§ **EXERCISE REQUIREMENTS**
Return the listing below verbatim. Pictures do not belong in the copy.

§ **RAW DATA**
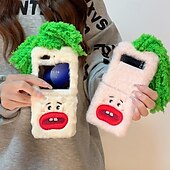 זול מארז סמסונג-טלפון מגן עבור Z Flip 6 Z Flip 5 Z Flip 4 Z Flip 3 כיסוי אחורי עמיד בזעזועים רטרו קטיפה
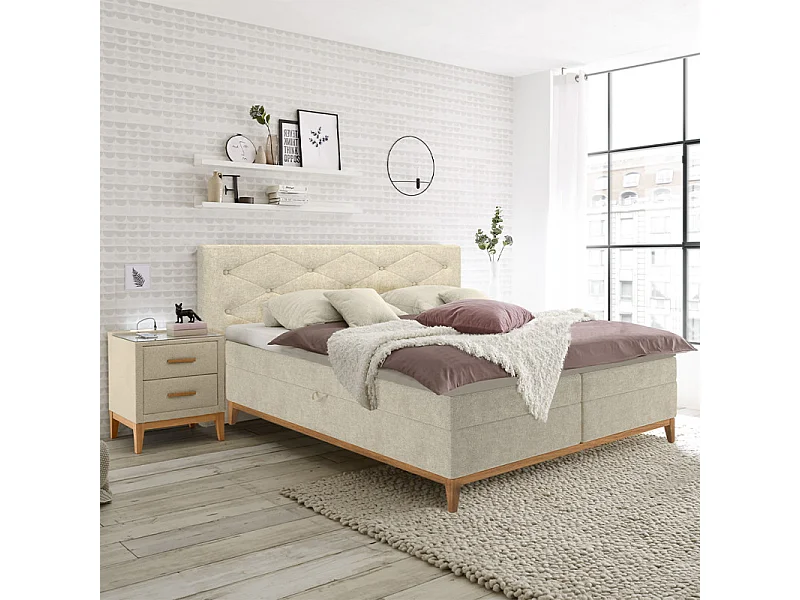 Lit boxspring 180x200 cm tissu écru 2 coffres rangement - SKY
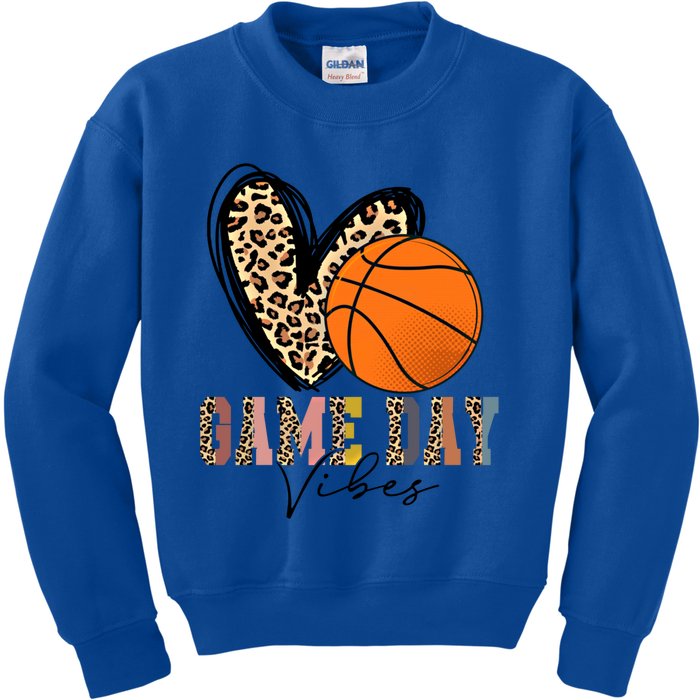 Basketball Game Day Vibes Leopart Gift Cool Gift Kids Sweatshirt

§ **YOUR SOLUTION**
 זול מארז סמסונג-טלפון מגן עבור Z Flip 6 Z Flip 5 Z Flip 4 Z Flip 3 כיסוי אחורי עמיד בזעזועים רטרו קטיפה
 Lit boxspring 180x200 cm tissu écru 2 coffres rangement - SKY
 Basketball Game Day Vibes Leopart Gift Cool Gift Kids Sweatshirt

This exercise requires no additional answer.